Building the adjacency graph#
Network lasso needs an edge list: a DataFrame with three columns
node1, node2, and weight describing which categories should
be encouraged to share a coefficient. For spatial data the natural
choice is Queen contiguity: two polygons are neighbors if they
share any boundary point (vertex or edge). libpysal.weights has
this built in:
import pandas as pd
from libpysal.weights import Queen
w = Queen.from_dataframe(counties, use_index=False)
pairs = []
for i, neighbors in w.neighbors.items():
for j in neighbors:
if i < j: # each undirected edge once
pairs.append((counties.iloc[i]['county_id'],
counties.iloc[j]['county_id']))
edges = pd.DataFrame(pairs, columns=['node1', 'node2'])
edges['weight'] = 1.0
print(len(edges)) # 431
Each row of edges says “these two counties are neighbors and should
contribute a penalty term weight * |β_node1 - β_node2| to the
fit”. A larger weight makes the corresponding pair more strongly
fused; uniform 1.0 weights are the typical starting point.

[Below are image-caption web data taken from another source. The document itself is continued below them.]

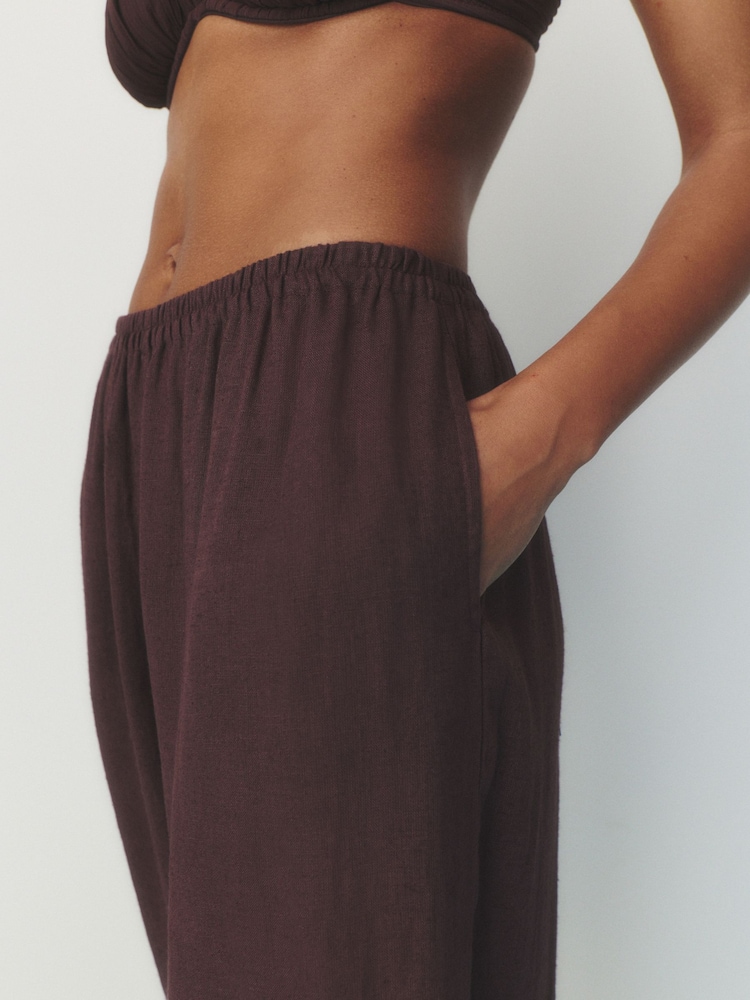 self. Chocolate Brown Beach Trousers with Linen - Image 6 of 6 self. Chocolate Brown Beach Trousers with Linen - Image 6 of 6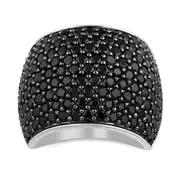 Black Spinel Pave Dress Ring with Sterling Silver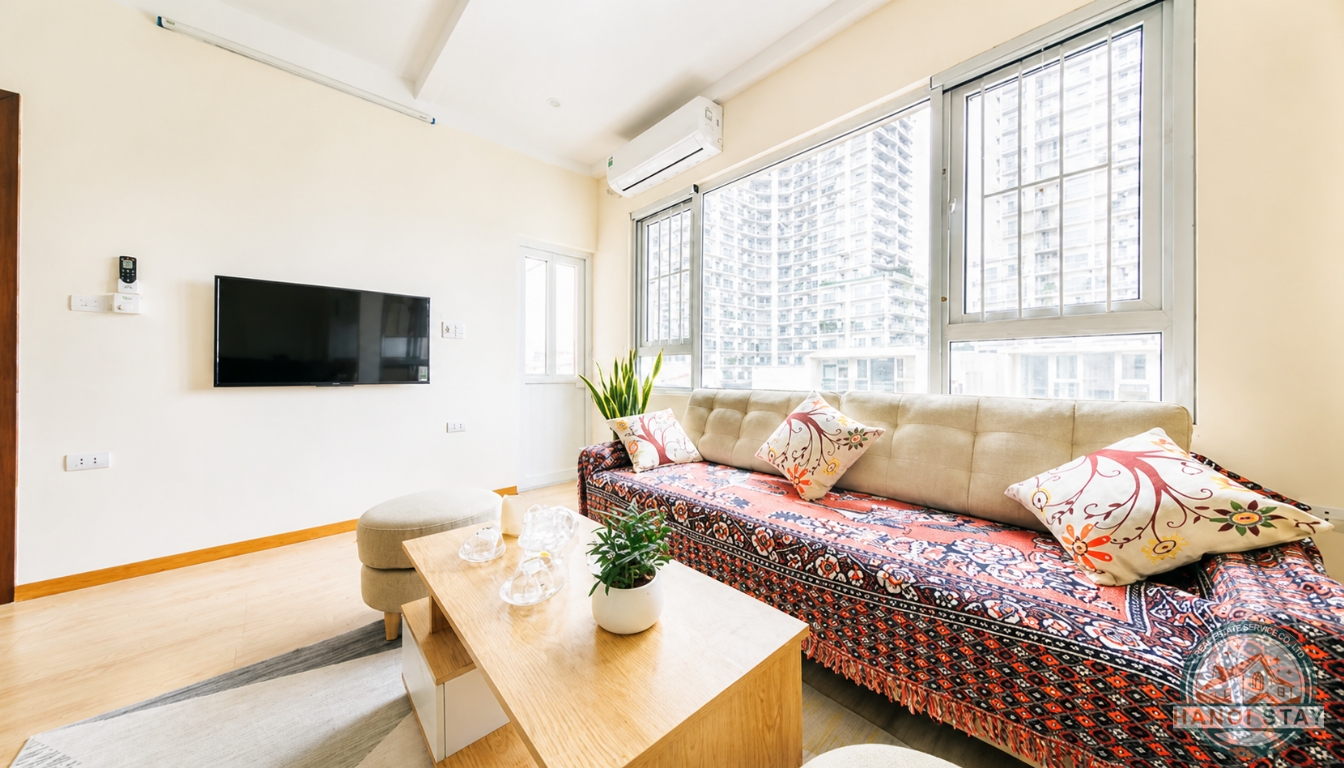 Bright & Well-Designed 2 Bedroom Apartment for rent near Hoang Hoa Tham str, Ba Dinh 3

Use
Rook.from_dataframe instead if you want only edge-sharing neighbors
(i.e., excluding pairs that meet at a single corner).
Simulating the response#
To demonstrate the smoother we’ll synthesize a smooth-along-the-graph truth and corrupt it with sampling noise. The true log-income declines radially from a peak near metro Atlanta:
import numpy as np
rng = np.random.default_rng(0)
atlanta_lat, atlanta_lon = 33.75, -84.39
dist_to_atl = np.sqrt(
(counties['Latitude'] - atlanta_lat) ** 2
+ (counties['Longitud'] - atlanta_lon) ** 2
)
counties['true_log_income'] = 10.8 - 0.25 * dist_to_atl
We then draw five noisy observations per county, as if from a survey with five respondents in each:
obs_rows = []
for _, row in counties.iterrows():
for _ in range(5):
obs_rows.append({
'county_id': row['county_id'],
'log_income': row['true_log_income'] + rng.normal(0, 0.30),
})
obs = pd.DataFrame(obs_rows)
print(len(obs)) # 795
The unsmoothed estimate for each county is just the per-county sample mean:
counties['observed_mean'] = (
counties['county_id']
.map(obs.groupby('county_id')['log_income'].mean())
)
Fitting the GAM#
The model has a single feature — county_id, treated as a
categorical with network-lasso regularization. The regularization
dict pairs the coefficient \(\lambda\) with the edge list. We start
from \(\lambda = 0.25\), which a moment of GCV-driven tuning (next
section) will confirm is a good default for this dataset:
from gamdist import GAM
mdl = GAM(family='normal')
mdl.add_feature(
name='county_id',
type='categorical',
regularization={'network_lasso': {'coef': 0.25, 'edges': edges}},
)
mdl.fit(obs[['county_id']], obs['log_income'].to_numpy())
mdl.summary()
# Model Statistics
# ----------------
# phi: 0.0890
# edof: 51
# Deviance: 66.2
# AIC: 848
# AICc: 855
# BIC: 1091
# R^2: 0.408
# GCV: 0.0951
The fitted county effects — one per category — are obtained by
calling predict() with a one-row-per-county
DataFrame:
counties['fitted_log_income'] = mdl.predict(counties[['county_id']])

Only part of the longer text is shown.